Posts Tagged ‘Priya Parker’
I felt compelled to write this post for two distinct reasons:
1) I am worried about the low level of risk tolerance in some of our generation’s most well-educated and promising students and future leaders.
2) I have been asked over the past few months on job thoughts from students at universities and people <5 years into their career.
I read a piece by Priya Parker who recently completed a study on “the values and behaviors of the world’s next generation of leaders – the most talented, educated, capable Millennials”. These include those from the best institutions, at the most prestigious firms, and with the greatest ambitions. What Parker finds is spot on:
“What I found was a rising generation of elite leaders who bring wonderful new gifts to the table – more empathy than their predecessors, more worldliness, more pragmatism for an angry, ideological age. But I also found my generation of young leaders paralyzed, hesitant, and unwilling stick their necks out and lead on the big questions of our time: how to build a more equitable and sustainable capitalism, how to manage the transition to a post-Western world, how to extend prosperity to developing countries without pushing the planet over the brink.”
She said our generation effectively has a FOMO syndrome, or ‘fear of missing out’. It’s perhaps the biggest reason why our top institutions’ graduates seem to migrate towards consulting and investment banking at higher rates than ever before: it’s prestigious, it’s broad in terms of skillsets acquired, it pays well, and, most importantly, it keeps our options open.
When I was in my second year at Stanford, I wanted to go work for McKinsey or Goldman Sachs. They were the two firms that some of the smartest upperclassmen I knew were joining post graduation. After I went through the interview process myself, I ended up receiving offers from both of those firms.

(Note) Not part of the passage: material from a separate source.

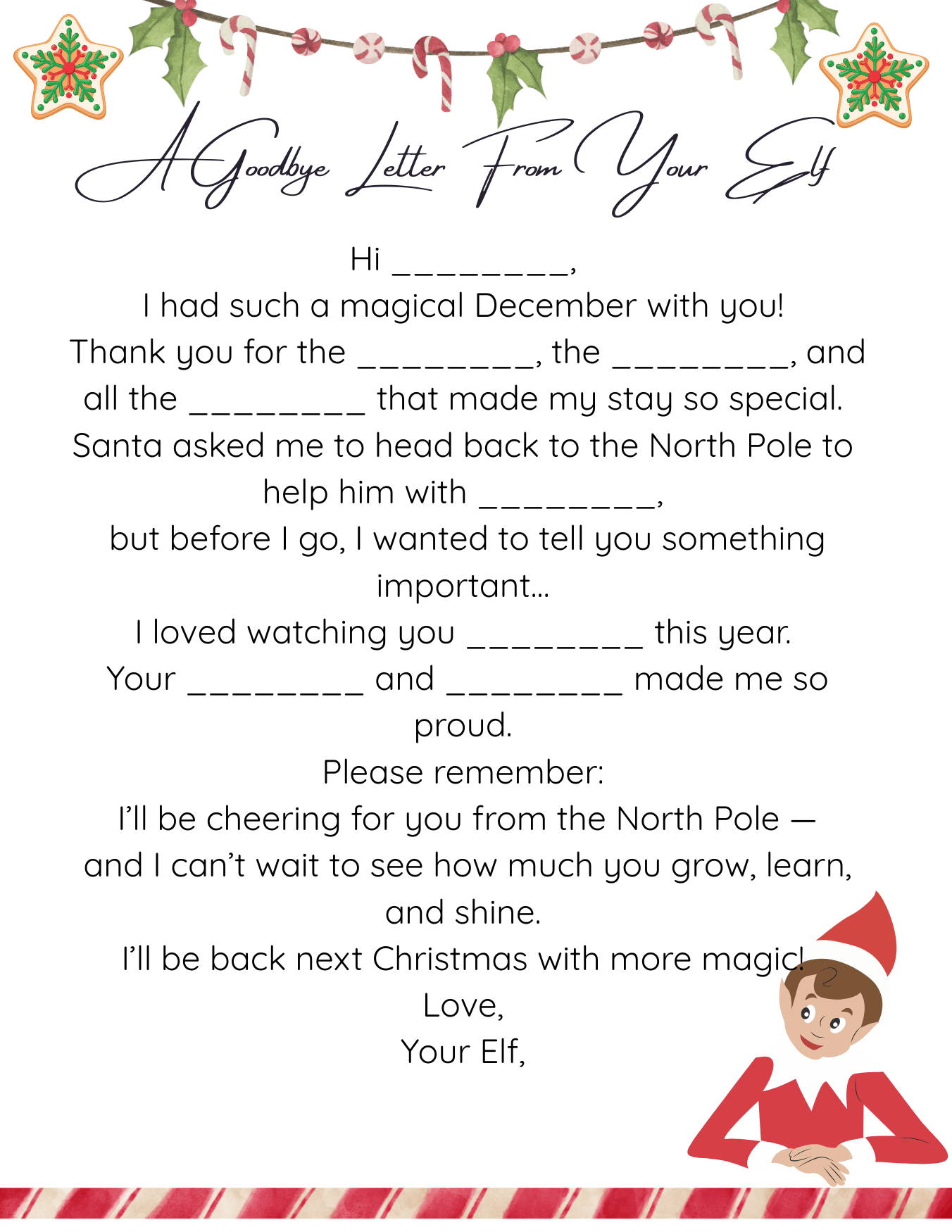 Printable fill-in-the-blank Elf on the Shelf goodbye letter with holiday garland, blank spaces for personalization, and a cute elf illustration.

Then, I received some great advice. A professor emeritus, David Abernethy, asked me to design my ideal job assuming monetary considerations were thrown out the window. We eventually arrived at the conclusion that often the most exciting jobs have to be designed yourself since hardly any job description can possibly contain all that we wish. I wanted to invest and work with many entrepreneurs that are building technologies to change the world, so I thought I should try and do everything to found my own venture or get into venture capital, an asset class known for high risk investments in budding startups, with the intention of carving out an emerging markets niche. And, although my ultimate choice of VC isn’t as high risk as starting your own company, I do think I took the “less safe” route.
Our 20s are the time where we can, and should, be the most risk-seeking. We’re free of familial obligations and are used to a relatively lower quality of life having been stuffed in dorm rooms. We may, however, have considerable student debt that we need to pay off (a whole different subject), which is a very valid reason for going into guaranteed low risk, high paying jobs straight out of school.

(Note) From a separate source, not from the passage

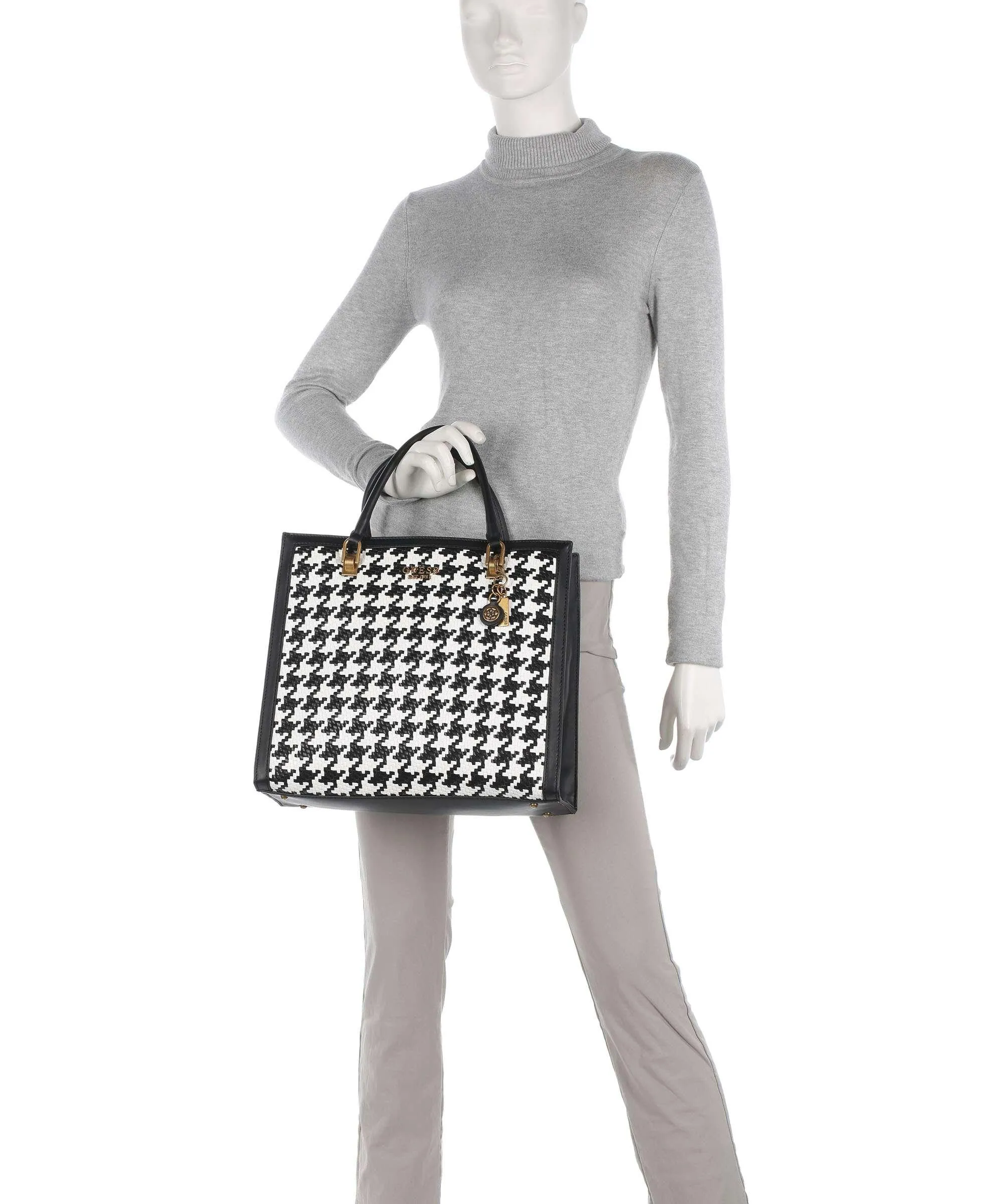  Guess Abey Borsa a mano pelle sintetica nero/bianco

I would implore anyone graduating soon or considering an early career change to do something slightly riskier, but with greater upside. Upside can be monetary (say: early stock options in a company), measured through diverse experiences (for example, traveling to countries or places outside your comfort zone), or even personal fulfillment/growth (for example, always wanting to do XYZ, like work for X organization, rally for Y cause, or start Z nonprofit, etc). I have nothing but respect for an institution like McKinsey and if two years there increases your confidence, network, and appetite to dive into something higher-risk, then it is a tremendous option. But, if you have even the slightest inkling as to a high risk, high reward job or career path that you would find fulfilling, assuming financial obligations are not too crazy (which is not a safe assumption anymore) then you should go for it.
I think we would all be surprised by how much we learn, how much we can impact, and maybe even how much we can personally gain for ourselves when we take the higher risk, higher reward option.